When Natalia Molina was growing up in Echo Park in the 1970s, she’d spend evenings at the Mexican restaurant her mother owned, Nayarit, a neighborhood staple her grandmother founded in 1951 that was frequented by a cross-section of the city: immigrants, Dodgers players after games, celebrities such as Marlon Brando and Rita Moreno. The nights were late, and after hours of people watching and escorting customers to their tables, a young Natalia would crawl into a red vinyl booth and fall asleep, her belly full of enchiladas suizas or stewed ribs in a spicy red sauce.

Molina, a professor of American studies and ethnicity at USC, is now at work on the book “Place-makers: The Story of an Ethnic Mexican Community in Twentieth-Century Los Angeles,” which explores the restaurant’s history as an urban anchor for immigrants. Her third book, it fits right into her oeuvre: The historian has spentnearly two decades exploring how long-held stereotypes and narratives of immigrant communities have shaped our views about race and public policy.

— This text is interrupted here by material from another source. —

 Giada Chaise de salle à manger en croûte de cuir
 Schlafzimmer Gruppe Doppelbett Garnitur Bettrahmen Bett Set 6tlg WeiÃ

On Tuesday morning, Molina was named a 2020 MacArthur fellow, recognized by the John D. and Catherine T. MacArthur Foundation for “revealing how narratives of racial difference that were constructed and applied to immigrant groups a century ago continue to shape national policy today.”

Molina thought she was joining a phone call with MacArthur staffers to discuss other nominees when she learned of her award last month.

“I had my yellow legal pad out, my pen was poised,” she said. “Then they said: ‘We’d like to talk about the nominee, and that nominee is you!’ I was shocked. It was such a brain jam. But then it was just gratitude. This will be good for talking about race, social justice, issues of equality. It was just: Thank you for caring about these issues.”

Of this year’s 21 fellows across the arts, education, science, media, law and environmental studies, Molina’s work on race, gender, culture and citizenship is particularly timely, essentially at the heart of the national conversation as America undergoes a reckoning over systemic racism and grapples with questions of equity, inclusion and identity.

“There is this moment — we’re seeing how people’s civil rights and human rights are being disregarded,” she said. “One moment it’s the story of George Floyd, the next an Asian American who’s had acid thrown on them, and the next, a child being separatedfrom their parents — and that can be in one day. We need to see how these racial moments are connected so that we can make systemic change.” 

Not surprisingly, Molina has been especially busy as a media commentator and public speaker during the pandemic, having done more than a dozen interviews for TV, radio and print outlets on “race, health, place and how we remember history,” she said, including the toppling of the Junipero Serra statue in downtown L.A. and forced sterilization at an Immigration and Customs Enforcement detention center in Georgia.